From the records below, transcribe exactly the lines that begin at the line with "Ford, FIESTA, Hatchback, 2017, Manual, 1596" and end at the line with "1360 Ocean Ave #2I — Photo 2", both included.

- _Data entries_:
====

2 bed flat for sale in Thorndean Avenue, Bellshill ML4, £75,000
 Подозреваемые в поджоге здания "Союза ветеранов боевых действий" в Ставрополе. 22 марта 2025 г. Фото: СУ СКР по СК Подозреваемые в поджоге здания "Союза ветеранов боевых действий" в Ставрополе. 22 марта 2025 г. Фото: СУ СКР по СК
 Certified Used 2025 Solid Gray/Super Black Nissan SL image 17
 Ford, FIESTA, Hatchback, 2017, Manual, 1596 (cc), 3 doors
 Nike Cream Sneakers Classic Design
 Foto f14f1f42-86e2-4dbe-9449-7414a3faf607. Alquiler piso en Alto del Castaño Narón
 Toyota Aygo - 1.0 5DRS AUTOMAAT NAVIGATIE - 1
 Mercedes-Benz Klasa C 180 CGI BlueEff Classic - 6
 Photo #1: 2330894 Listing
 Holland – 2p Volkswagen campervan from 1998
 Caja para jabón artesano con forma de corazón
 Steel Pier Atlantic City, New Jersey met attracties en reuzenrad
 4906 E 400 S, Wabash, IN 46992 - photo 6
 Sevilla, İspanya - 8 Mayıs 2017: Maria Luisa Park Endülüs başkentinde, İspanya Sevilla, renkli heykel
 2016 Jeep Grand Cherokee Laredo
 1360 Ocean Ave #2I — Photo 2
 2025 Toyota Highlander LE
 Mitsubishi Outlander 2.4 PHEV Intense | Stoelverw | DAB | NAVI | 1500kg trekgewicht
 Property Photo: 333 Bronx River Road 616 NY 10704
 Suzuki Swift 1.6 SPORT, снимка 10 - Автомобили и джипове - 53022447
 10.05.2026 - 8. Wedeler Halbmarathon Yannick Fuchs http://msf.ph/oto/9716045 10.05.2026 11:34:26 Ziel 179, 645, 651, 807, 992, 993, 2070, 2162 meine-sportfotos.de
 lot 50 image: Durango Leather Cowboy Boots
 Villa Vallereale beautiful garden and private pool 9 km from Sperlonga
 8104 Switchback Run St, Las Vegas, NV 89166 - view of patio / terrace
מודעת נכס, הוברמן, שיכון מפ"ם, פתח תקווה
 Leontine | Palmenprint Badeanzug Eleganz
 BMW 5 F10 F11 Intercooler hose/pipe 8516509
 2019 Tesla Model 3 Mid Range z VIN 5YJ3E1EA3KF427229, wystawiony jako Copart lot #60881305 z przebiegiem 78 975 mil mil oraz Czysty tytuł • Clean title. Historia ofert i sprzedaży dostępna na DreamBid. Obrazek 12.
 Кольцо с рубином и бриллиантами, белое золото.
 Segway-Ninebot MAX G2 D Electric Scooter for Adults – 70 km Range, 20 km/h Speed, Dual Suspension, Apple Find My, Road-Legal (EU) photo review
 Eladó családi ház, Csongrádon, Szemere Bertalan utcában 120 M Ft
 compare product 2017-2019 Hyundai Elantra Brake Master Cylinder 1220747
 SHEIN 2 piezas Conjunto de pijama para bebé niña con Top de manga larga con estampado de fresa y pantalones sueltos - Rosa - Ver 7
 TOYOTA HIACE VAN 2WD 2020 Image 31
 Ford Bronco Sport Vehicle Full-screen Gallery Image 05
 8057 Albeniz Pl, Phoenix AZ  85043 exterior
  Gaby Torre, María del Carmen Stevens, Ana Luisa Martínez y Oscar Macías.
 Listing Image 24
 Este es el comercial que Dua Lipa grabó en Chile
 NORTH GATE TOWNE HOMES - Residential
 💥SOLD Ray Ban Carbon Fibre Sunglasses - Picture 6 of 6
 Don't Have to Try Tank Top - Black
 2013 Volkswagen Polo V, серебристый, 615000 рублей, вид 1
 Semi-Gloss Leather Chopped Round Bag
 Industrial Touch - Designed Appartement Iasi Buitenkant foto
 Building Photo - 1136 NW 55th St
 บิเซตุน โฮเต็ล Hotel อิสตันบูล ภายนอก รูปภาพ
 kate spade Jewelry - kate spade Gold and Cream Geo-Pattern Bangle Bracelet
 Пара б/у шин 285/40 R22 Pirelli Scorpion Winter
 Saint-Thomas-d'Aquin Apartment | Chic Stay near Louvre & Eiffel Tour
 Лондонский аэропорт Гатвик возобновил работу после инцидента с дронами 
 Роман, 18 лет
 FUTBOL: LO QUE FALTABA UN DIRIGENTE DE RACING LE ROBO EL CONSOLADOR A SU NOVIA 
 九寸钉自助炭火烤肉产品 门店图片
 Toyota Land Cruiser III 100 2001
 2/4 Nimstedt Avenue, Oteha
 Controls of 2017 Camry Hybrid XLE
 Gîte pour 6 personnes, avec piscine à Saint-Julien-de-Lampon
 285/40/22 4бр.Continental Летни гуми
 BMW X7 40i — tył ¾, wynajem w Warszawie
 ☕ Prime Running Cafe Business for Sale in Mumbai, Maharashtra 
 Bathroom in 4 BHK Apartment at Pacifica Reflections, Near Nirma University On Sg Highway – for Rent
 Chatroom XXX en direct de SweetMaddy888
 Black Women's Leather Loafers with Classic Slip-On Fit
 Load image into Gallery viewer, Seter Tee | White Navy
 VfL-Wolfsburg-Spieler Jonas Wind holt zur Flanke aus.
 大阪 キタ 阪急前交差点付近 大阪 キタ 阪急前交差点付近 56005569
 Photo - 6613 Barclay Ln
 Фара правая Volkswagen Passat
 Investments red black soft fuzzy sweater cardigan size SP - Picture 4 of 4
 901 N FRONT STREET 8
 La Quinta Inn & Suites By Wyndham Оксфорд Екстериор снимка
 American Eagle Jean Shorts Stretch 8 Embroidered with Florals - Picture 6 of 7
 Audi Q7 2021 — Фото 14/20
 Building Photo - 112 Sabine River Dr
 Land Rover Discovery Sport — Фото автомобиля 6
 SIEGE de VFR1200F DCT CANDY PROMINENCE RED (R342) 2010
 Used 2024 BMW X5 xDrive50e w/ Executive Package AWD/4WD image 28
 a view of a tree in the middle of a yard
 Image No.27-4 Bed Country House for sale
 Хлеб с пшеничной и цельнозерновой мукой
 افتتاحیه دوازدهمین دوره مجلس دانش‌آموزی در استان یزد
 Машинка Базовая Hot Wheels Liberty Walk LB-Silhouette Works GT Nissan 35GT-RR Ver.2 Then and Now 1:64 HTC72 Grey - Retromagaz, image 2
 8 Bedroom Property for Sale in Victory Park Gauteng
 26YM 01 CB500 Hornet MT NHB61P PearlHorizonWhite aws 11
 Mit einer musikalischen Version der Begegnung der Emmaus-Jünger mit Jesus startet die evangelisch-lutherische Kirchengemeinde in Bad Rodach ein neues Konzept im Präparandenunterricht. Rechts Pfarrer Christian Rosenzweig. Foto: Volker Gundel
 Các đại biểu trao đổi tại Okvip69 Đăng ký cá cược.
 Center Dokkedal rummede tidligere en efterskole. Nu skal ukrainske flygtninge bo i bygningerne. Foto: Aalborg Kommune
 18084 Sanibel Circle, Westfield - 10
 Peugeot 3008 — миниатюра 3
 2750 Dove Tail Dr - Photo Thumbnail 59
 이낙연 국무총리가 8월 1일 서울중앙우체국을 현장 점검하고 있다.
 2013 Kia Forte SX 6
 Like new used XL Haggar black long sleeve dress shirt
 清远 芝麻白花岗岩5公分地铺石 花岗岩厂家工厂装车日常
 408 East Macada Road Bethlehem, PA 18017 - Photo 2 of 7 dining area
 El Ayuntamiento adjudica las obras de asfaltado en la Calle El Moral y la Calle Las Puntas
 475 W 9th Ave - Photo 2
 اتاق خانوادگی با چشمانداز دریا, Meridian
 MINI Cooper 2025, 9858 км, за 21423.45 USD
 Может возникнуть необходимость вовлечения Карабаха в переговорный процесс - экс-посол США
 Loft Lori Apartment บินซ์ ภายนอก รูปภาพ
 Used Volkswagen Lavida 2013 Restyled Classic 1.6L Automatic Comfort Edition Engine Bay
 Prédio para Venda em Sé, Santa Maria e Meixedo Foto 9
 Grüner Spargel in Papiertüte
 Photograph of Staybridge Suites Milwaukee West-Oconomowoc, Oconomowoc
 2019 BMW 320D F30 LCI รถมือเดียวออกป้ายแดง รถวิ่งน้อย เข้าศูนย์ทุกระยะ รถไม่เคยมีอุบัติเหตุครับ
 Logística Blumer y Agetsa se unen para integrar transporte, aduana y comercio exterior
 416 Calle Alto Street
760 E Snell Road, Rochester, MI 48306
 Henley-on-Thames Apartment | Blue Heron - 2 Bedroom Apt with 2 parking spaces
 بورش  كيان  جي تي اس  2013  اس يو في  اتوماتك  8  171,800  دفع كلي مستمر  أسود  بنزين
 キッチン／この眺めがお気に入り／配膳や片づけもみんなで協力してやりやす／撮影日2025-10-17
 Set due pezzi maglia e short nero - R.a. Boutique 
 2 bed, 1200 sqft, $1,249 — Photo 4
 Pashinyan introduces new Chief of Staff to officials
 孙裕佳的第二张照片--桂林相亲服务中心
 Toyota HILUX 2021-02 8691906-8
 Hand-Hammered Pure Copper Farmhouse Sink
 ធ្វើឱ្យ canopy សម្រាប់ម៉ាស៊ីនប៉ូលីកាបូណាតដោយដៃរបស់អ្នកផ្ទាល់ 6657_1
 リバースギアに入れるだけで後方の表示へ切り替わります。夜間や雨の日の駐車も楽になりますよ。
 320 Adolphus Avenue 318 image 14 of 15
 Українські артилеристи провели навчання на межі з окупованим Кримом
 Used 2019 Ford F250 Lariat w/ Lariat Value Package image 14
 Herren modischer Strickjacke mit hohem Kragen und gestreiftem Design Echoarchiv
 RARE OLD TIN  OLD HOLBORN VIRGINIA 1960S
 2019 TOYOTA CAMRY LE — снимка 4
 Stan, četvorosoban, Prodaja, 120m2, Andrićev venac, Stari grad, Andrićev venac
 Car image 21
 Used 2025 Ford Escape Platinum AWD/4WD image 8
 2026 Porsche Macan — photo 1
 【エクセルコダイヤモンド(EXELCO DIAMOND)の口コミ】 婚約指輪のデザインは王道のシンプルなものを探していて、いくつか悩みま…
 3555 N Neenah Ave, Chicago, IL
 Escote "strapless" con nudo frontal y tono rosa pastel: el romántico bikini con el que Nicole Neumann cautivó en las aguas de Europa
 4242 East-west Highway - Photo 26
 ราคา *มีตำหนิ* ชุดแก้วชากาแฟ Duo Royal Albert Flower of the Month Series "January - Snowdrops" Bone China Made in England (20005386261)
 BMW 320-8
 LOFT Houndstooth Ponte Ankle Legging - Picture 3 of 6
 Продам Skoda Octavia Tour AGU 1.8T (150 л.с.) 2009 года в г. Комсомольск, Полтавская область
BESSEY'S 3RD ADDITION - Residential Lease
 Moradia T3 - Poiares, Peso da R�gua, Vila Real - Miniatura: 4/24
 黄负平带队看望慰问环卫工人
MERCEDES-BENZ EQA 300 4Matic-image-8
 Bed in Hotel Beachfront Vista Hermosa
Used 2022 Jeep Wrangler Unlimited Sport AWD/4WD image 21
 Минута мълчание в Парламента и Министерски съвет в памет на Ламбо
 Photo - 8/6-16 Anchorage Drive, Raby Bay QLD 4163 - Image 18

====

- _PROBLEM SOLUTION_:
 Ford, FIESTA, Hatchback, 2017, Manual, 1596 (cc), 3 doors
 Nike Cream Sneakers Classic Design
 Foto f14f1f42-86e2-4dbe-9449-7414a3faf607. Alquiler piso en Alto del Castaño Narón
 Toyota Aygo - 1.0 5DRS AUTOMAAT NAVIGATIE - 1
 Mercedes-Benz Klasa C 180 CGI BlueEff Classic - 6
 Photo #1: 2330894 Listing
 Holland – 2p Volkswagen campervan from 1998
 Caja para jabón artesano con forma de corazón
 Steel Pier Atlantic City, New Jersey met attracties en reuzenrad
 4906 E 400 S, Wabash, IN 46992 - photo 6
 Sevilla, İspanya - 8 Mayıs 2017: Maria Luisa Park Endülüs başkentinde, İspanya Sevilla, renkli heykel
 2016 Jeep Grand Cherokee Laredo
 1360 Ocean Ave #2I — Photo 2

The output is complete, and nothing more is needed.